(Data extracted from a collection)
....................

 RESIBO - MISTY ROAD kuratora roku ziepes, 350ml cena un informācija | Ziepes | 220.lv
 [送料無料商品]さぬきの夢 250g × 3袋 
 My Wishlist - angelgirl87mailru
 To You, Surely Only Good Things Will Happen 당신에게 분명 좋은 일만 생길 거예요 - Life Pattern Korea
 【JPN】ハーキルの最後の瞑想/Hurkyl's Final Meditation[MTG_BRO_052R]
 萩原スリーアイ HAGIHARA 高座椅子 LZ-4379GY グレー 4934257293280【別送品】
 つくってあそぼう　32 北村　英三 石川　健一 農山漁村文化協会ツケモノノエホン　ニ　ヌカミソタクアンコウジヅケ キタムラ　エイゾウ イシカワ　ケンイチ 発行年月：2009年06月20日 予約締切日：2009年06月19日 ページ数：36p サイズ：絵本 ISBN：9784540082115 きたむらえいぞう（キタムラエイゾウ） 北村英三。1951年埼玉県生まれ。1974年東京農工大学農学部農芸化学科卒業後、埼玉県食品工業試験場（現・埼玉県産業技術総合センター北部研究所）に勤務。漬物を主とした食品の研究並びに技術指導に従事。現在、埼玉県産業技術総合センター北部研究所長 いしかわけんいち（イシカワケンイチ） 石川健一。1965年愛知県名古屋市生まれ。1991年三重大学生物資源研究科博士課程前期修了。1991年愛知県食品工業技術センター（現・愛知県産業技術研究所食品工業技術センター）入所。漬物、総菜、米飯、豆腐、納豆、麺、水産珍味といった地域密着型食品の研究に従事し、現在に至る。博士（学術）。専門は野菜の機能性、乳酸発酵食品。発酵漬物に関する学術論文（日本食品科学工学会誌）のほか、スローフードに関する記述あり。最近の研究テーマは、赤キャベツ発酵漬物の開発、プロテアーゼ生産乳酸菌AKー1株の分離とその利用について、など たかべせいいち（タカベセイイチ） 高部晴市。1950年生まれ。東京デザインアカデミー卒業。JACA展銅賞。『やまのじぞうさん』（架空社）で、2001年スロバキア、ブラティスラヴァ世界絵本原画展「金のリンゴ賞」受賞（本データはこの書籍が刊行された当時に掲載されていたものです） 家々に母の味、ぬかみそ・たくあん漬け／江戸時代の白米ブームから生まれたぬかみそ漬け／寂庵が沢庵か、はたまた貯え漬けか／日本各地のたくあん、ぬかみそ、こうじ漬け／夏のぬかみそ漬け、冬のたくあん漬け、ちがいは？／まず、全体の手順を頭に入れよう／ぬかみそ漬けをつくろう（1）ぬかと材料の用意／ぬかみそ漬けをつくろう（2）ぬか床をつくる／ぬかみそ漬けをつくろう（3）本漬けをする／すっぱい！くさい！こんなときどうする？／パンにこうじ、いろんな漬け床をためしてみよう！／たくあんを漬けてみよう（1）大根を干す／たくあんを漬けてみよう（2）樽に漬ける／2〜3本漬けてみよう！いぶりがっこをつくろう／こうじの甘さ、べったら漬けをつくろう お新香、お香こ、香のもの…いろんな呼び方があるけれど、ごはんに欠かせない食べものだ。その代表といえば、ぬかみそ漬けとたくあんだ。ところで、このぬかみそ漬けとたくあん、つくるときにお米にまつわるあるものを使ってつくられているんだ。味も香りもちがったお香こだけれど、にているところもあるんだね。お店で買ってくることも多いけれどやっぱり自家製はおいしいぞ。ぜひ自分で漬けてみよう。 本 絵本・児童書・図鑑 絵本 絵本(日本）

....................

▶ **Try it**
What is needed is a word-for-word restatement of every line from the one with "[送料無料商品]さぬきの夢 250g × 3袋" to the end of the entries above.

▶ **Response to the exercise**
 [送料無料商品]さぬきの夢 250g × 3袋 
 My Wishlist - angelgirl87mailru
 To You, Surely Only Good Things Will Happen 당신에게 분명 좋은 일만 생길 거예요 - Life Pattern Korea
 【JPN】ハーキルの最後の瞑想/Hurkyl's Final Meditation[MTG_BRO_052R]
 萩原スリーアイ HAGIHARA 高座椅子 LZ-4379GY グレー 4934257293280【別送品】
 つくってあそぼう　32 北村　英三 石川　健一 農山漁村文化協会ツケモノノエホン　ニ　ヌカミソタクアンコウジヅケ キタムラ　エイゾウ イシカワ　ケンイチ 発行年月：2009年06月20日 予約締切日：2009年06月19日 ページ数：36p サイズ：絵本 ISBN：9784540082115 きたむらえいぞう（キタムラエイゾウ） 北村英三。1951年埼玉県生まれ。1974年東京農工大学農学部農芸化学科卒業後、埼玉県食品工業試験場（現・埼玉県産業技術総合センター北部研究所）に勤務。漬物を主とした食品の研究並びに技術指導に従事。現在、埼玉県産業技術総合センター北部研究所長 いしかわけんいち（イシカワケンイチ） 石川健一。1965年愛知県名古屋市生まれ。1991年三重大学生物資源研究科博士課程前期修了。1991年愛知県食品工業技術センター（現・愛知県産業技術研究所食品工業技術センター）入所。漬物、総菜、米飯、豆腐、納豆、麺、水産珍味といった地域密着型食品の研究に従事し、現在に至る。博士（学術）。専門は野菜の機能性、乳酸発酵食品。発酵漬物に関する学術論文（日本食品科学工学会誌）のほか、スローフードに関する記述あり。最近の研究テーマは、赤キャベツ発酵漬物の開発、プロテアーゼ生産乳酸菌AKー1株の分離とその利用について、など たかべせいいち（タカベセイイチ） 高部晴市。1950年生まれ。東京デザインアカデミー卒業。JACA展銅賞。『やまのじぞうさん』（架空社）で、2001年スロバキア、ブラティスラヴァ世界絵本原画展「金のリンゴ賞」受賞（本データはこの書籍が刊行された当時に掲載されていたものです） 家々に母の味、ぬかみそ・たくあん漬け／江戸時代の白米ブームから生まれたぬかみそ漬け／寂庵が沢庵か、はたまた貯え漬けか／日本各地のたくあん、ぬかみそ、こうじ漬け／夏のぬかみそ漬け、冬のたくあん漬け、ちがいは？／まず、全体の手順を頭に入れよう／ぬかみそ漬けをつくろう（1）ぬかと材料の用意／ぬかみそ漬けをつくろう（2）ぬか床をつくる／ぬかみそ漬けをつくろう（3）本漬けをする／すっぱい！くさい！こんなときどうする？／パンにこうじ、いろんな漬け床をためしてみよう！／たくあんを漬けてみよう（1）大根を干す／たくあんを漬けてみよう（2）樽に漬ける／2〜3本漬けてみよう！いぶりがっこをつくろう／こうじの甘さ、べったら漬けをつくろう お新香、お香こ、香のもの…いろんな呼び方があるけれど、ごはんに欠かせない食べものだ。その代表といえば、ぬかみそ漬けとたくあんだ。ところで、このぬかみそ漬けとたくあん、つくるときにお米にまつわるあるものを使ってつくられているんだ。味も香りもちがったお香こだけれど、にているところもあるんだね。お店で買ってくることも多いけれどやっぱり自家製はおいしいぞ。ぜひ自分で漬けてみよう。 本 絵本・児童書・図鑑 絵本 絵本(日本）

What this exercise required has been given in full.